Jean Vanier, founder of the L’Arche community writes:

“God seems pleased to call together in Christian communities people who, humanly speaking, are very different . . . The most beautiful communities are created from just this diversity of people and temperaments.  This means that each person must love the others with all their differences, and work with them for the community.  These people would never have chosen to live with each other.  Humanly speaking, it seems an impossible challenge.  But it is precisely because it is impossible that they believe that God has chosen them to live in this community.  So then the impossible becomes possible.  They no longer rely on their own human abilities, but on their Father who has called them to live together.  He will give them a new heart and spirit which will enable them all to become witnesses to love.  In fact, the more impossible it is . . . the more of a sign it is that their love comes from God and that Jesus is living.  By this all will know that you are my disciples, if you have love for one another.”
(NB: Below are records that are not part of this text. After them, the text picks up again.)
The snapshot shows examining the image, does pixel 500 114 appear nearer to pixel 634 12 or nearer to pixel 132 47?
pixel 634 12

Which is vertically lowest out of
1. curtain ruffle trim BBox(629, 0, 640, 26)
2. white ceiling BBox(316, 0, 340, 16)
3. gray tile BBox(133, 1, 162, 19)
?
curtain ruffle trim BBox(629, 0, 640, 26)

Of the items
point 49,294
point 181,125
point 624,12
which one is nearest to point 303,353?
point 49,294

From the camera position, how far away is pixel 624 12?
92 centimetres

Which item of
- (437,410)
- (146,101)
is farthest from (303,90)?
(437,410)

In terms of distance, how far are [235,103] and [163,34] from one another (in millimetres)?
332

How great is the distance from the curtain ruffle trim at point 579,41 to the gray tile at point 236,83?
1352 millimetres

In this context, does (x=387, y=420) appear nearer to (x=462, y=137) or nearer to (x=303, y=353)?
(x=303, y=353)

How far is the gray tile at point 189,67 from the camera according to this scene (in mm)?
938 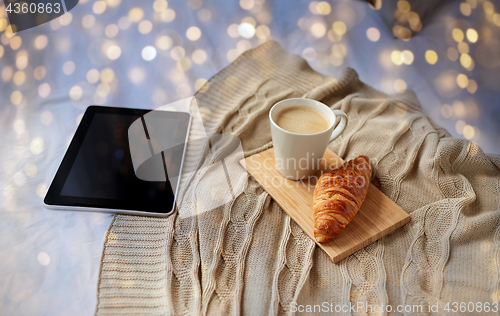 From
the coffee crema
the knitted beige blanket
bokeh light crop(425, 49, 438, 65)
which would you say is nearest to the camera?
the knitted beige blanket

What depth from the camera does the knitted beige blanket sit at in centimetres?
58

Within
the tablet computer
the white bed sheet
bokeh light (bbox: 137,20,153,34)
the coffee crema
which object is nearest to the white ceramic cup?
the coffee crema

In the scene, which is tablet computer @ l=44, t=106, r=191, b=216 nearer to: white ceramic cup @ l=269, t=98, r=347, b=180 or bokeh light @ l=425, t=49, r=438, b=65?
white ceramic cup @ l=269, t=98, r=347, b=180

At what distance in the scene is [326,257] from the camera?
625 millimetres

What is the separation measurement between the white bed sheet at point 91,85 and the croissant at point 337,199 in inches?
15.9

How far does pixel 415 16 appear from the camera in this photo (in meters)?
1.16

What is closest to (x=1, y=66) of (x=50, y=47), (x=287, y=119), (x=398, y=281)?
(x=50, y=47)

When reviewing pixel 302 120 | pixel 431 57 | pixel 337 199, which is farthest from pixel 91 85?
pixel 431 57

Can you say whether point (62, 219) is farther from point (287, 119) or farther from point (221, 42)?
point (221, 42)

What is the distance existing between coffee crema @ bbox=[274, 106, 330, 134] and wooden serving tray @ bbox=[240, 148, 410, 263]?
11 cm

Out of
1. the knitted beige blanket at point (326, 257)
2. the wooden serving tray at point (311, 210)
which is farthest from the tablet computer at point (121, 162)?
the wooden serving tray at point (311, 210)

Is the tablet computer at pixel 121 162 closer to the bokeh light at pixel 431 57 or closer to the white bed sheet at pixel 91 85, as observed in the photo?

 How can you tell when night has ended and the day has begun?  When you can look at another and see the face of a brother or sister.  Until then, it is night.  This table around which we gather is where day begins.  We gather around the one table as the one body of Christ.  We are not the same.  We are blue and red, rich and poor, married and single . . . the list goes on, but this table is the only place in the entire world where your past, your failures, your successes, your victories or defeats, don’t matter.  You are a child of God and this is the supper which your Heavenly Father has prepared.  One bread.  One body.  One people.  Different, but beautiful.  Come and experience the light of day.  In the name of the Father and of the Son and of the Holy Spirit.  Amen!